Stay with me whist I dive into women's history briefly. Women weren't given the vote until 1918. Two years later a law was passed giving them legal rights to a further education. During both World Wars, women were called up to work in factories, on the railways, as firefighters, mechanics, bank clerks and by 1943, 85% of women had joined the workforce whilst keeping the hearths stoked at home. In a nutshell, women got rights, they studied, they worked, they earned and by doing so, within about 30 years, they had created a whole new culture for womankind.
If the first half of the 20th century brought nothing else to the table for women, it did bring an inevitability that traditions would be challenged and expectations for equality would change. We've seen it so many times in the fight for equal pay, the increased challenge to everyday sexism and of course in countless other ways too.
So is keeping your surname once you're married not just a nock to your identity, but to modern history, and the liberties it brought with it for womankind?
Identity and equality, in this context, are clearly of greater importance to some and less so to others. The majority of married women I know didn't take their husband's surname and for this blog, I wanted to get inside the heads of the women who did. The results didn't surprise me, but the way that some of them made me feel, definitely did.
According to You Gov, in 2016 59% of women took their husband's surname after marriage and 61% of men still want them to. By my reckoning, that means there's a potential 3% of women out there who are possibly living in the dog house out in the garden. But why make the choice to change your name?
Tradition plays the greatest part; a case of things always having been done a certain way. Second came the family unit; bringing children into the world, familial unity and cohesion, a belonging and common identity. Does the family unit define a woman more than a name? Should it therefore be easy to accept a name change with comfort and ease? Does taking on your husband's name feel like taking on a bit of someone else's culture and identity, from where you can create a unique something of your own? Other reasons for not changing a surname include administrative, cultural, professional and indeed, traditional (in the case of a family surname facing extinction.)
If I'm honest, all this talk of cohesion, unity and the creation of something new and distinctive made me feel a bit silly and selfish about not changing my name.

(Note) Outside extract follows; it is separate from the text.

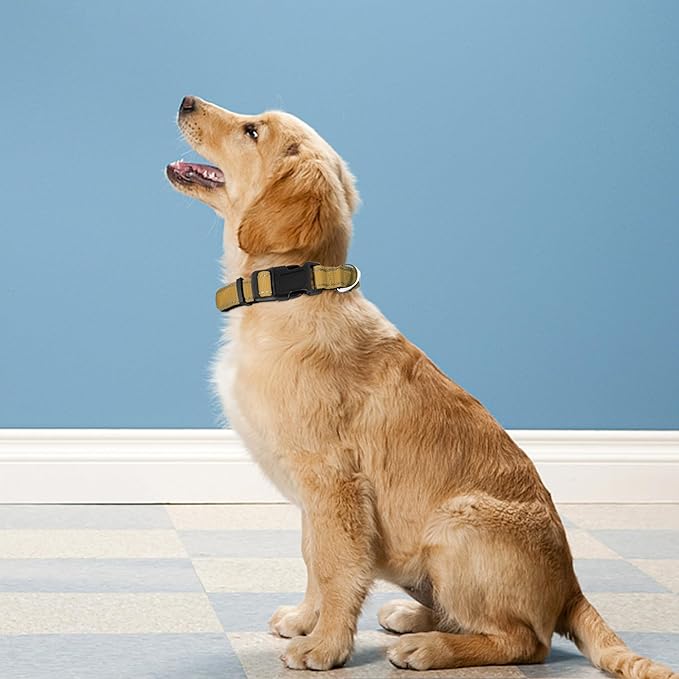 Reflective Dog Collar, Adjustable Soft Neoprene Padded Nylon Pet Collars with Buckle for Puppy and Small Dogs, Cats, Khaki,XS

I wanted to go straight home and apologise unreservedly to my long suffering husband who probably, very quietly, would have liked me to take his surname. And who'd listened without prejudice to me going on about identity and modern history for about the last 15 years. Had I created a disparate family and a mother - child disconnect out of my faintly militant approach to the whole name change thing? Suddenly I wanted to be that friend of mine who rushed to the toilet straight after her wedding ceremony and changed her status on Facebook to 'married', and with it her surname.
As it happens my feelings of regret didn't last long but I think I have tempered a little. Some things are more important, more current, perhaps even more relevant. Whether you changed your name or not, let's face it, you're still you. Whether you want to give a nod to modern history or not, you're probably (hopefully) still thankful for the freedoms afforded to you by the women who went before you. Women like my Granny, with the twinkle in her eye.